Data assimilation of ground GPS total electron content into a physics-based ionospheric model by use of the Kalman filter



[1] A three-dimensional (3-D) Global Assimilative Ionospheric Model (GAIM) is currently being developed by a joint University of Southern California and Jet Propulsion Laboratory (JPL) team. To estimate the electron density on a global grid, GAIM uses a first-principles ionospheric physics model and the Kalman filter as one of its possible estimation techniques. Because of the large dimension of the state (i.e., electron density on a global 3-D grid), implementation of a full Kalman filter is not computationally feasible. Of the possible suboptimal implementations of the Kalman filter, we have chosen a band-limited Kalman filter where a full time propagation of the state error covariance is performed, but it is always kept sparse and banded.

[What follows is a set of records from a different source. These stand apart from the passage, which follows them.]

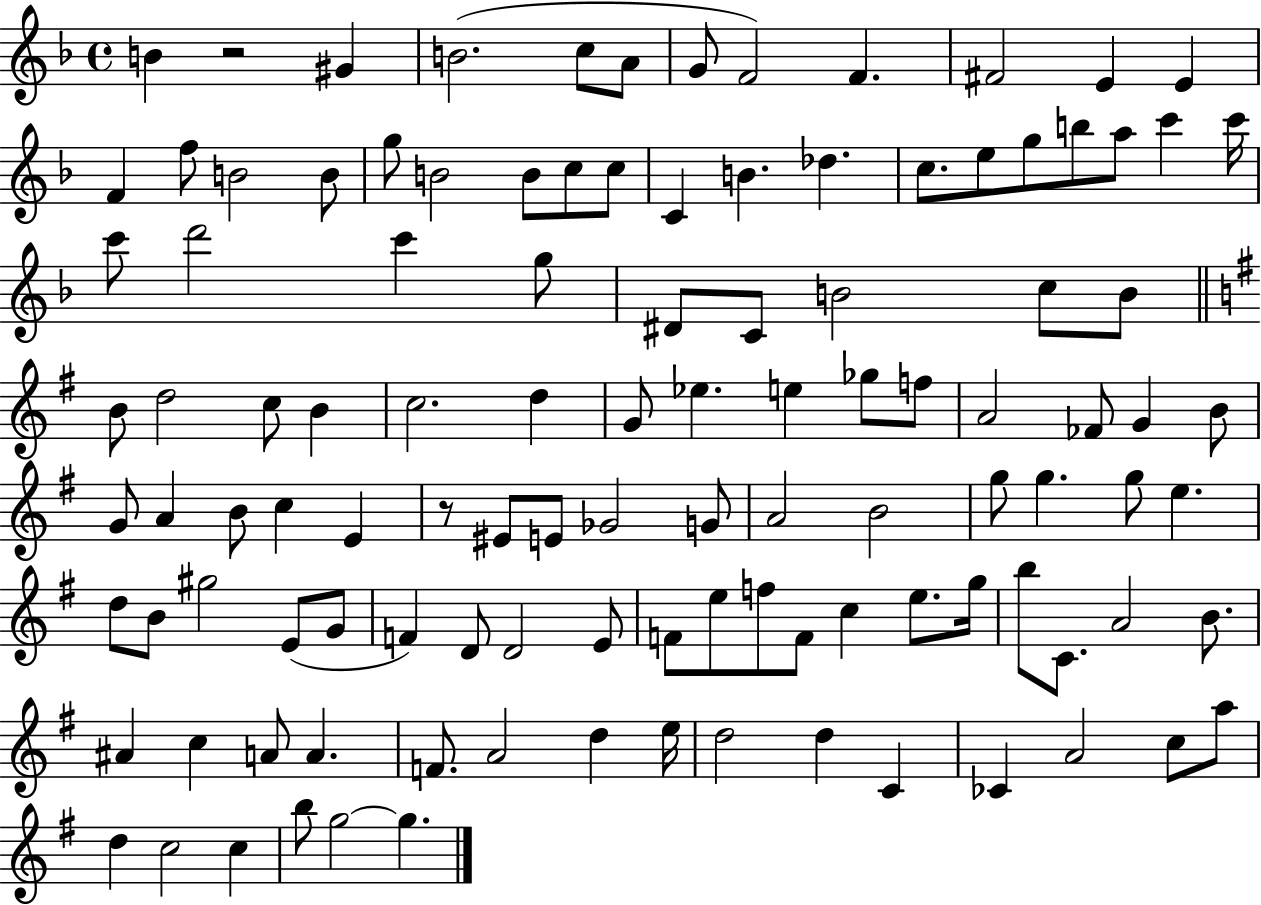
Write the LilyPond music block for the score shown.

{
  \clef treble
  \time 4/4
  \defaultTimeSignature
  \key f \major
  \repeat volta 2 { b'4 r2 gis'4 | b'2.( c''8 a'8 | g'8 f'2) f'4. | fis'2 e'4 e'4 | \break f'4 f''8 b'2 b'8 | g''8 b'2 b'8 c''8 c''8 | c'4 b'4. des''4. | c''8. e''8 g''8 b''8 a''8 c'''4 c'''16 | \break c'''8 d'''2 c'''4 g''8 | dis'8 c'8 b'2 c''8 b'8 | \bar "||" \break \key g \major b'8 d''2 c''8 b'4 | c''2. d''4 | g'8 ees''4. e''4 ges''8 f''8 | a'2 fes'8 g'4 b'8 | \break g'8 a'4 b'8 c''4 e'4 | r8 eis'8 e'8 ges'2 g'8 | a'2 b'2 | g''8 g''4. g''8 e''4. | \break d''8 b'8 gis''2 e'8( g'8 | f'4) d'8 d'2 e'8 | f'8 e''8 f''8 f'8 c''4 e''8. g''16 | b''8 c'8. a'2 b'8. | \break ais'4 c''4 a'8 a'4. | f'8. a'2 d''4 e''16 | d''2 d''4 c'4 | ces'4 a'2 c''8 a''8 | \break d''4 c''2 c''4 | b''8 g''2~~ g''4. | } \bar "|."
}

The effectiveness of ground GPS data for specifying the ionosphere is assessed by assimilating slant total electron content (TEC) data from 98 sites into the GAIM Kalman filter and validating the electron density field against independent measurements. A series of GAIM analyses are presented and validated by comparisons to JPL's global ionospheric maps (GIM) of vertical TEC (VTEC) and measurements from TOPEX. A statistical evaluation of GAIM and GIM against TOPEX VTEC indicates that GAIM accuracy is comparable or superior to GIM.